■ Data extract:
>>>

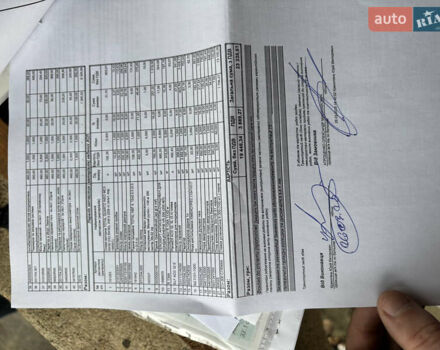 Червоний Кіа Ріо, об'ємом двигуна 1.4 л та пробігом 165 тис. км за 4500 $, фото 16 на Automoto.ua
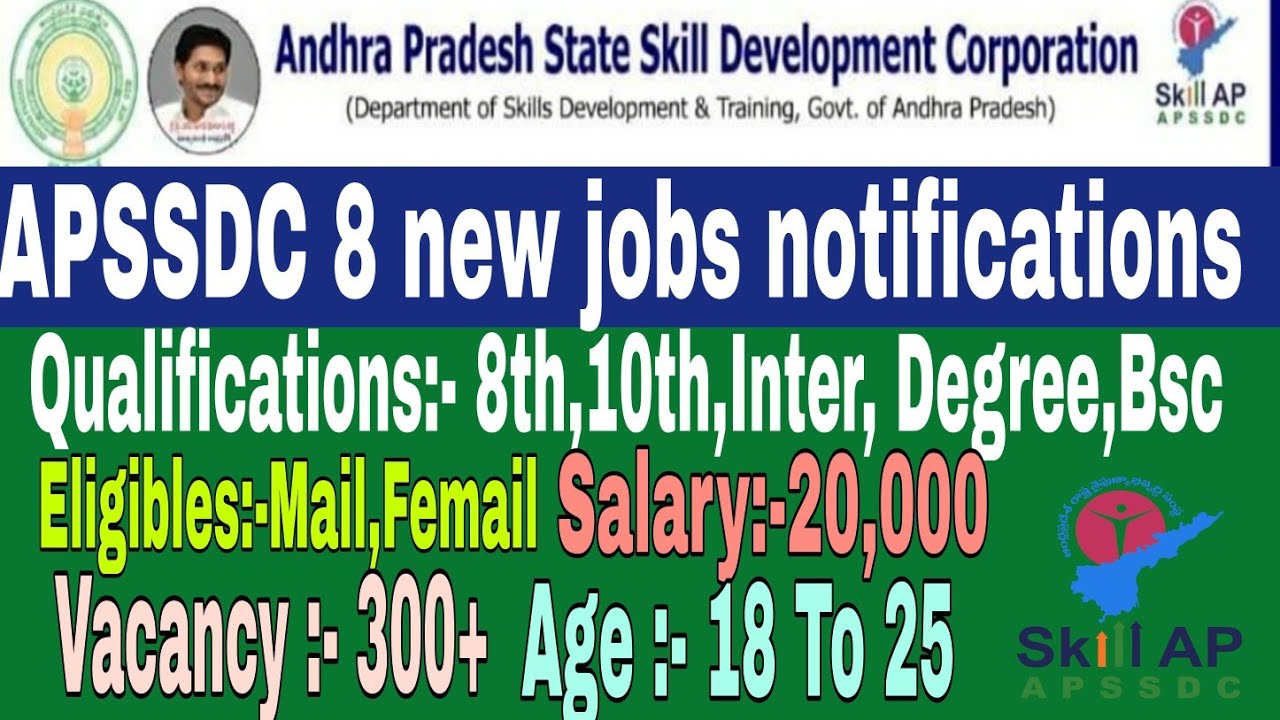 Ap New jobs Notification In 2020 || 10th Inter Degree Jobs New vacancy s|| Nojobtv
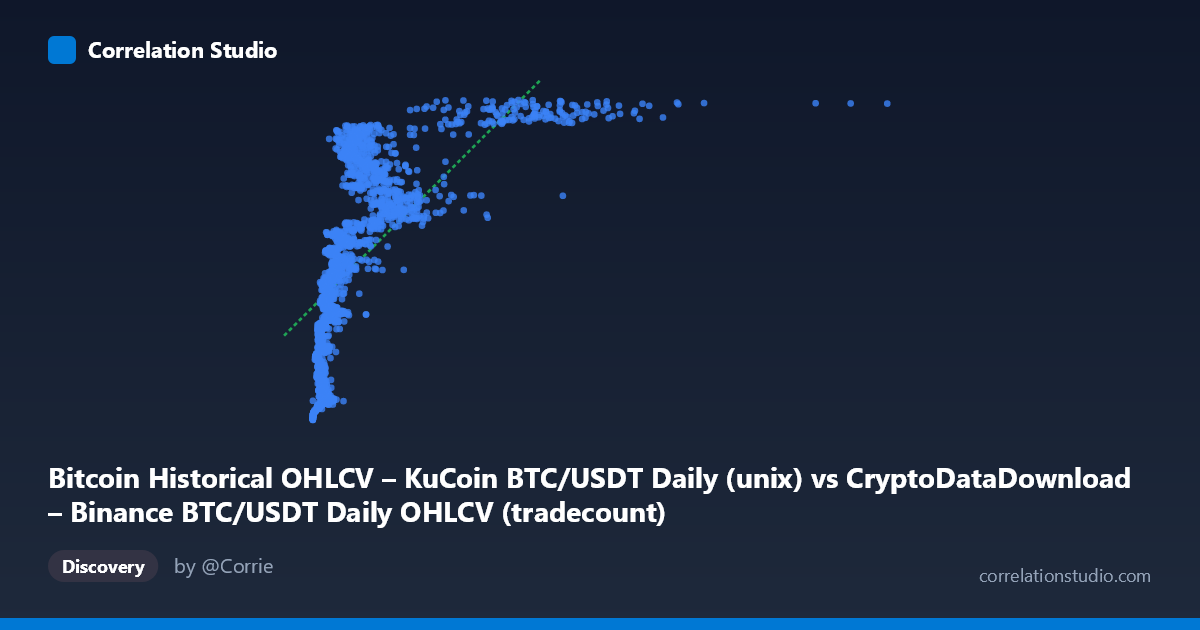 Scatterplot: Bitcoin Historical OHLCV – KuCoin BTC/USDT Daily (unix) vs CryptoDataDownload – Binance BTC/USDT Daily OHLCV (tradecount)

<<<

■ What to produce: All of the data above should be transcribed verbatim, with pictures omitted.

■ Problem solution:
 Червоний Кіа Ріо, об'ємом двигуна 1.4 л та пробігом 165 тис. км за 4500 $, фото 16 на Automoto.ua
 Ap New jobs Notification In 2020 || 10th Inter Degree Jobs New vacancy s|| Nojobtv
 Scatterplot: Bitcoin Historical OHLCV – KuCoin BTC/USDT Daily (unix) vs CryptoDataDownload – Binance BTC/USDT Daily OHLCV (tradecount)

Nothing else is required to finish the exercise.